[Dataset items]
▼

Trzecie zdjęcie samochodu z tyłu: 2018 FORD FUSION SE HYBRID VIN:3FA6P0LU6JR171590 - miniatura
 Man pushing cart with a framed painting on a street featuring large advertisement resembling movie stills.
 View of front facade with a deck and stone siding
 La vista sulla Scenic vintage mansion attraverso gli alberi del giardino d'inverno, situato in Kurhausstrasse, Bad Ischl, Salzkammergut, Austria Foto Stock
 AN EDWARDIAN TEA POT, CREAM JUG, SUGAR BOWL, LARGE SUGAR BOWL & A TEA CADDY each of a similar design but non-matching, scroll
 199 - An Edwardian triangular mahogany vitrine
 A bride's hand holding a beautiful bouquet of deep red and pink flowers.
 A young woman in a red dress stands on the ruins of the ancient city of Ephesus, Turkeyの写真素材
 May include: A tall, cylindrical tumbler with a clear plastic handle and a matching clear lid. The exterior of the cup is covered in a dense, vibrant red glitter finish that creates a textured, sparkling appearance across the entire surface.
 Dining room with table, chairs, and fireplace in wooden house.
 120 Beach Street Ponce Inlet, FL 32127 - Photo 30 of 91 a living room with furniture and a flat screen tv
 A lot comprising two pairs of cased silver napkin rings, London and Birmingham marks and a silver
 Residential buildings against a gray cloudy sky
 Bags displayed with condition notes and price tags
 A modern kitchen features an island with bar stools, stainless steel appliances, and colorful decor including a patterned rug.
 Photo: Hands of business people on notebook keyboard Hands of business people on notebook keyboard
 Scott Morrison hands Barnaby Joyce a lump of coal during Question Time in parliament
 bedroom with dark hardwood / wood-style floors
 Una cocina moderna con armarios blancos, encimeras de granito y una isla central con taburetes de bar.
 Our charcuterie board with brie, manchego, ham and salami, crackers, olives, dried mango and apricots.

▲

All lines above from the one holding "View of front" to the one holding "199 - An Edwardian", inclusive, are to be copied exactly; no other line is wanted.

 View of front facade with a deck and stone siding
 La vista sulla Scenic vintage mansion attraverso gli alberi del giardino d'inverno, situato in Kurhausstrasse, Bad Ischl, Salzkammergut, Austria Foto Stock
 AN EDWARDIAN TEA POT, CREAM JUG, SUGAR BOWL, LARGE SUGAR BOWL & A TEA CADDY each of a similar design but non-matching, scroll
 199 - An Edwardian triangular mahogany vitrine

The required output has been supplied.